### Material provided

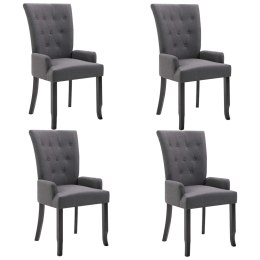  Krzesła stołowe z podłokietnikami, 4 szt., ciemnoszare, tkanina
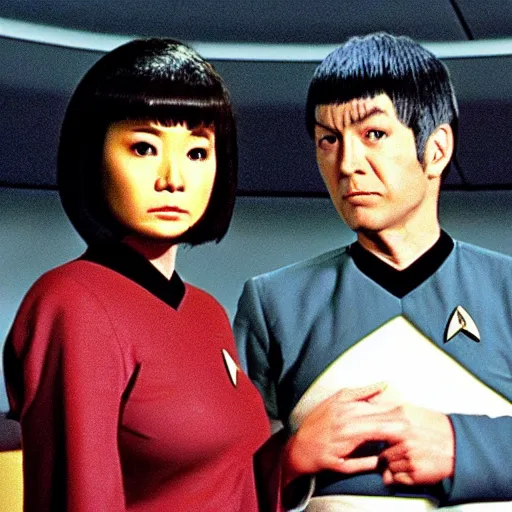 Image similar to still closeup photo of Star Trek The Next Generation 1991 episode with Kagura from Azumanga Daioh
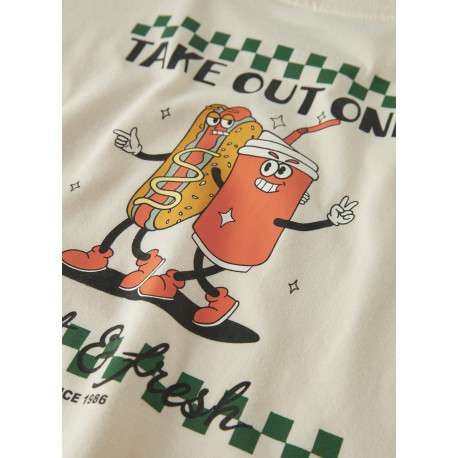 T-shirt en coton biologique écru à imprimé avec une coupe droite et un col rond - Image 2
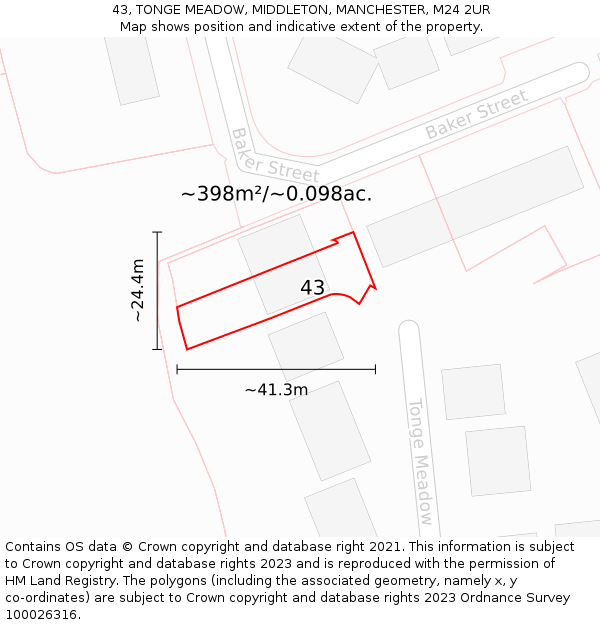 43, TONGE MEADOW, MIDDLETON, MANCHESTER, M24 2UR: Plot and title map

######

§ Required work: An exact copy of all the data above is required; omit any pictures.

§ Exercise output:
  Krzesła stołowe z podłokietnikami, 4 szt., ciemnoszare, tkanina
 Image similar to still closeup photo of Star Trek The Next Generation 1991 episode with Kagura from Azumanga Daioh
 T-shirt en coton biologique écru à imprimé avec une coupe droite et un col rond - Image 2
 43, TONGE MEADOW, MIDDLETON, MANCHESTER, M24 2UR: Plot and title map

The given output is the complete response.